▶ [Aim of the task]: Copy, please, the line with "262 Bay Pt, Naples, FL 34103 photo 3" and each line that follows it through the end of the data below, exactly as given and without pictures.

▶ [Material to process]:
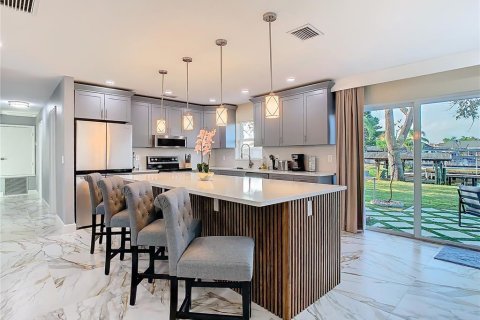 Villa ou maison à louer à Tampa, Floride: 3 chambres, 156.63 m2 № 2149376 - photo 13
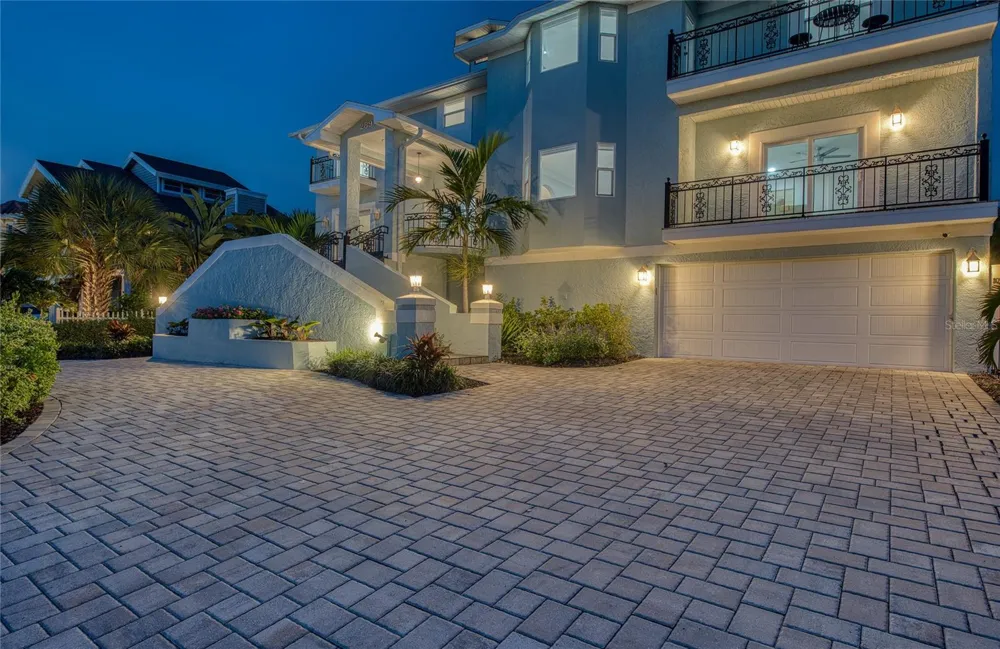 289 8TH AVENUE Tierra Verde, FL 33715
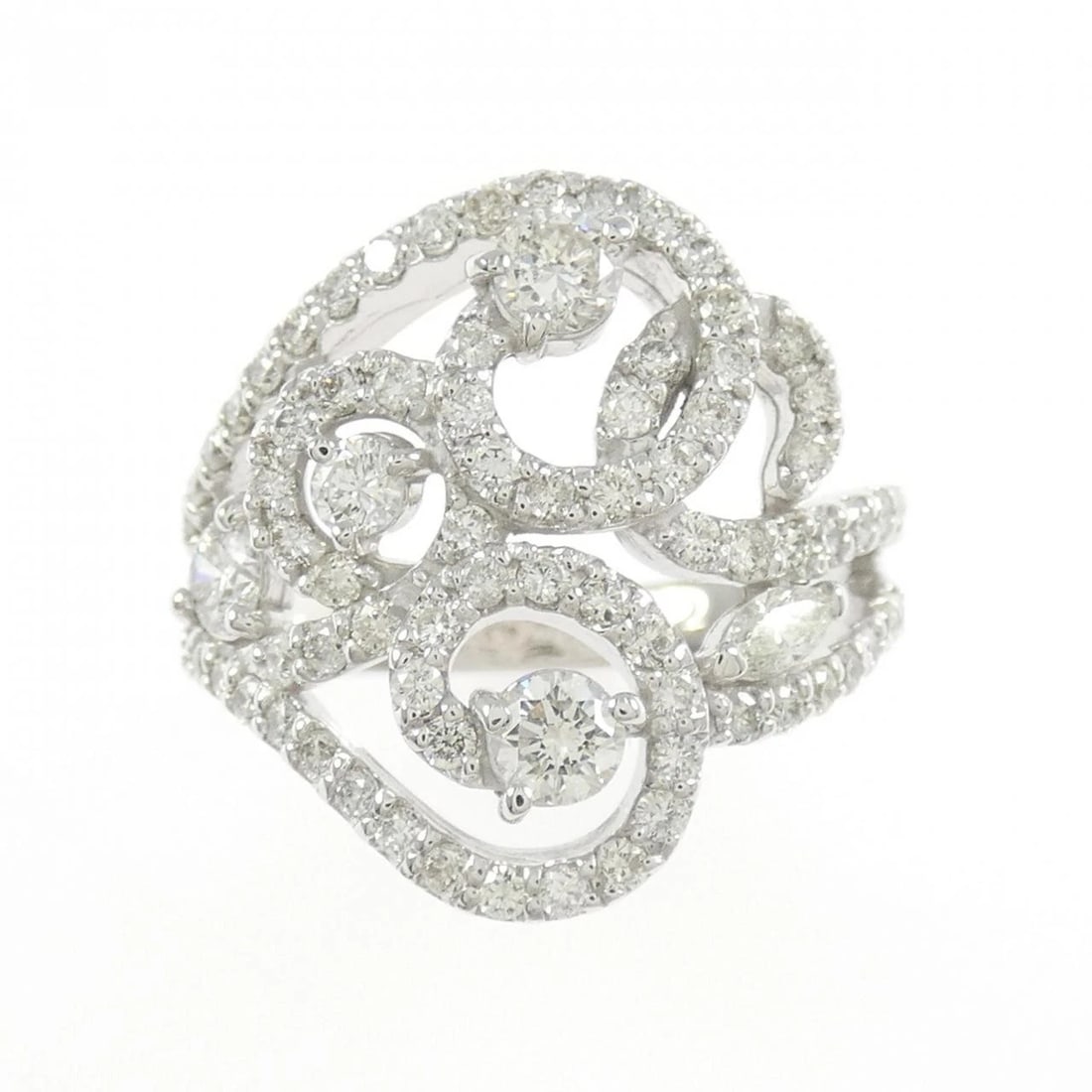 K18WG DIAMOND RING - 2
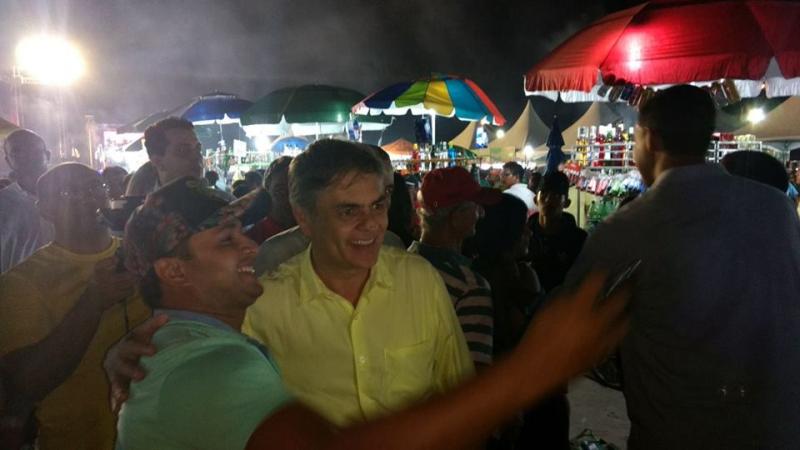 Convidado por lideranças políticas, senador Cássio visita Sapé e participa de festa de São Sebastião em Capim de Mamanguape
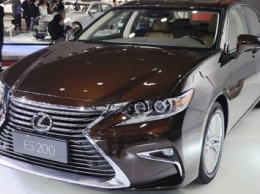 Компания Lexus «скидывает» цены на три модели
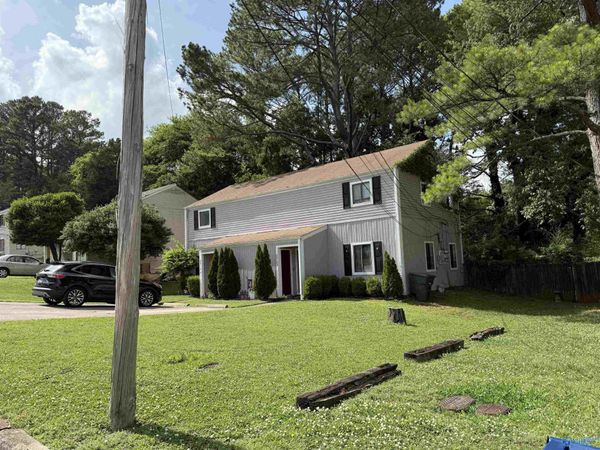 2712 Clayton Drive, Huntsville, AL 35810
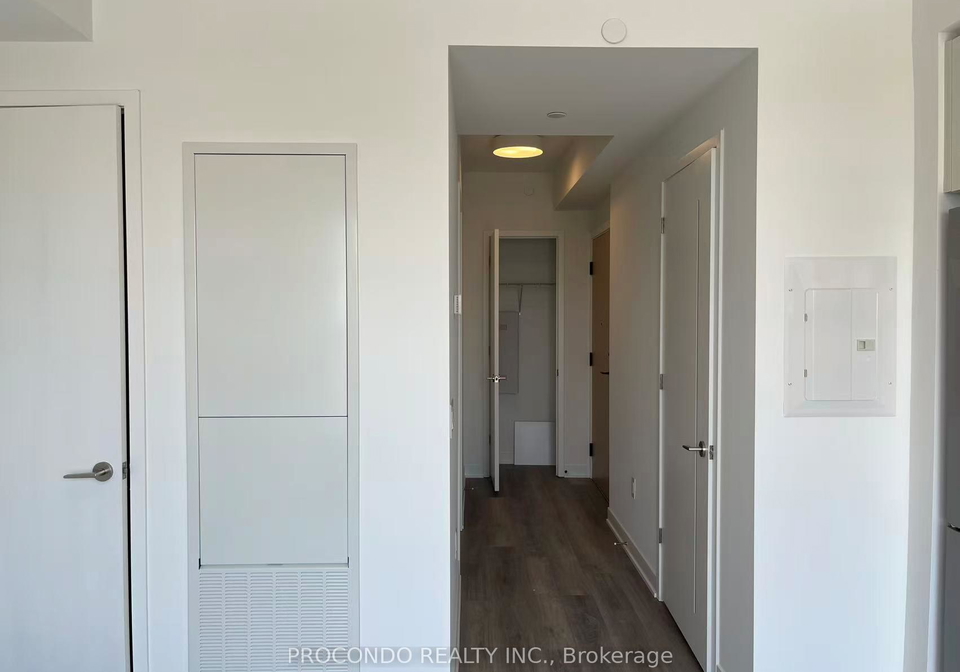 10-oak-st-street-e-toronto-ontario-c13438132
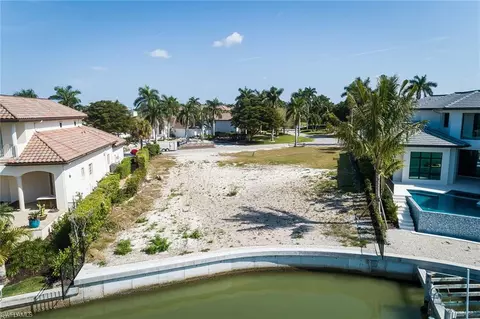 262 Bay Pt, Naples, FL 34103 photo 3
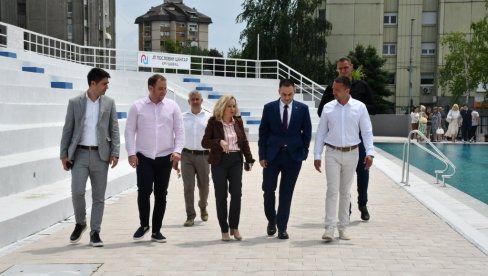 OBNOVLJENI KRUŠEVAČKI BAZENI: MDULS u rekonstrukciju uložio 22,4 miliona dinara OBNOVLJENI KRUŠEVAČKI BAZENI: MDULS u rekonstrukciju uložio 22,4 miliona dinara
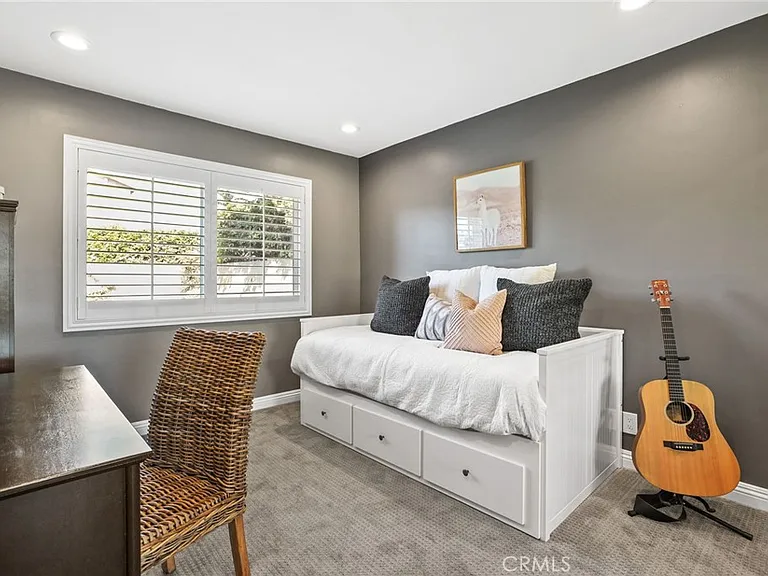 5251 Anthony Ave — Photo 32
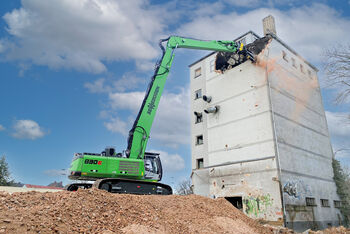 Gebäuderückbau mit 45 t Abbruchbagger SENNEBOGEN 830 E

▶ [Answer to this task]:
 262 Bay Pt, Naples, FL 34103 photo 3
 OBNOVLJENI KRUŠEVAČKI BAZENI: MDULS u rekonstrukciju uložio 22,4 miliona dinara OBNOVLJENI KRUŠEVAČKI BAZENI: MDULS u rekonstrukciju uložio 22,4 miliona dinara
 5251 Anthony Ave — Photo 32
 Gebäuderückbau mit 45 t Abbruchbagger SENNEBOGEN 830 E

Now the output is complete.